O primeiro dá pelo nome de Manuel Lourenço, um rapaz lisboeta cujas vivências com a música – estudou esta arte durante dez anos – permitem-lhe ter uma relação quase simbiótica com teclados. Durante esse tempo, aprendeu a manipular a sua voz como bem lhe apetecesse, talento este mais do que evidente sempre que suspira, enquanto os seus dedos dançam pelas notas de um piano; só com estes dois elementos em palco, dificuldade não houve em preenchê-lo. Através da sua bedroom pop, género musical apelidado pelo próprio, conquistou uma pequena mas fiel plateia, rendida à simplicidade das suas composições, proporcionando momentos intimistas que não seriam possíveis caso a sala estivesse mais composta.
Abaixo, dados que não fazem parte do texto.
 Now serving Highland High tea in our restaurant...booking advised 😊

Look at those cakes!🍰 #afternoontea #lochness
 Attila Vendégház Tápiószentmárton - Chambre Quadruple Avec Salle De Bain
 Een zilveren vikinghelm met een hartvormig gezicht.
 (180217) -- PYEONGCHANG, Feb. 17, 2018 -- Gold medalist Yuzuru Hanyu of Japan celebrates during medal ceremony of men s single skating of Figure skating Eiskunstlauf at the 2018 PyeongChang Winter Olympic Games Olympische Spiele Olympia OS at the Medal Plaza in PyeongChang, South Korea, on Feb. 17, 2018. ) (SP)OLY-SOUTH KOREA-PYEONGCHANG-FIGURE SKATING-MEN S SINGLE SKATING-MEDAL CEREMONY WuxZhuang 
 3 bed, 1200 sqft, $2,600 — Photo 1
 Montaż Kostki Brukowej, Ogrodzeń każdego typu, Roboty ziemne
Contando histórias sobre como cada música surgiu – ocasiões irónicas, dado que o seu disco de estreia dá pelo nome de Histórias Por Contas – ou até levando amigos a palco para o auxiliarem numa canção, Primeira Dama mostrou que é detentor de um potencial e de um talento incrível, calando as más línguas que o classificam como um ‘copy paste’ de B Fachada.
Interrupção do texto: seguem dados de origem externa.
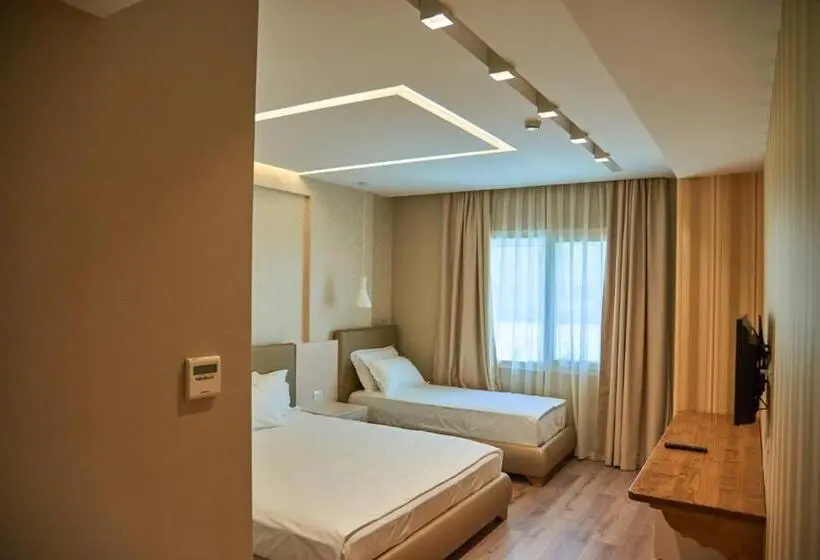 スタンダードトリプルルーム, Tirana Resort Radhime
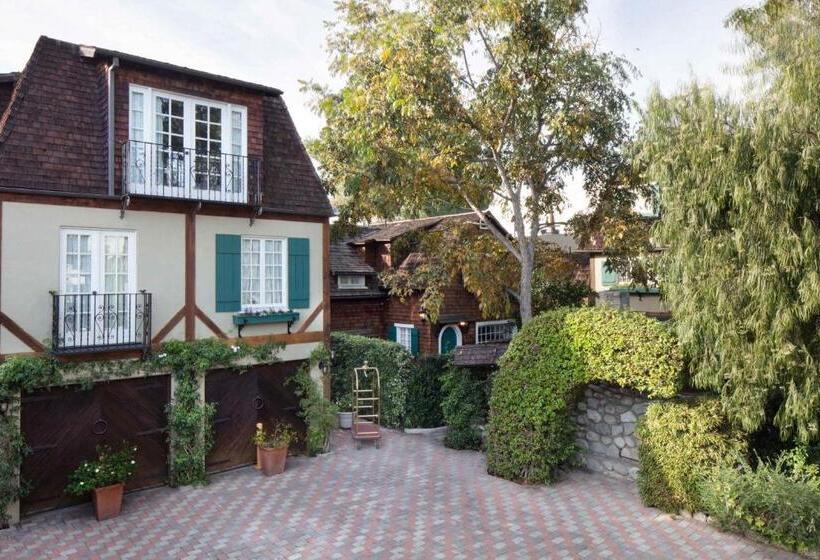 Студия Стандарт, The Charlie West Hollywood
Continuando a linha de intimidade iniciada por Manuel, seguiu-se Lonnie Holley, atraindo mais umas quantas dúzias de pessoas à sala do MusicBox. Um concerto deste senhor é sempre uma enorme incógnita, com o fator surpresa a reinar desde o início ao fim; nunca apresenta o mesmo tema ao vivo duas vezes, o seu registo muda drasticamente de noite para dia e é bem capaz de criar umas três a quatro músicas por atuação. Contudo, a única constante é a de um homem apoiado por um piano – a sua versão de bengala? – e com toda uma vida para c(a)ntar, assim como a capacidade de meter os seus seguidores a refletir sobre todos os passos que a sua vida levou até àquele momento. De forma a entender quem era aquele homem que adotava umas vestes tudo menos normais para o mundano lisboeta, o seu manager subiu a palco para apresentá-lo como:
“um senhor de família do Alabama, que se decidiu atirar de cabeça para o imaginário das artes quando viu uma das sobrinhas falecer e, a partir desse instante, quis começar a criar algo que perdurasse mesmo depois da morte”.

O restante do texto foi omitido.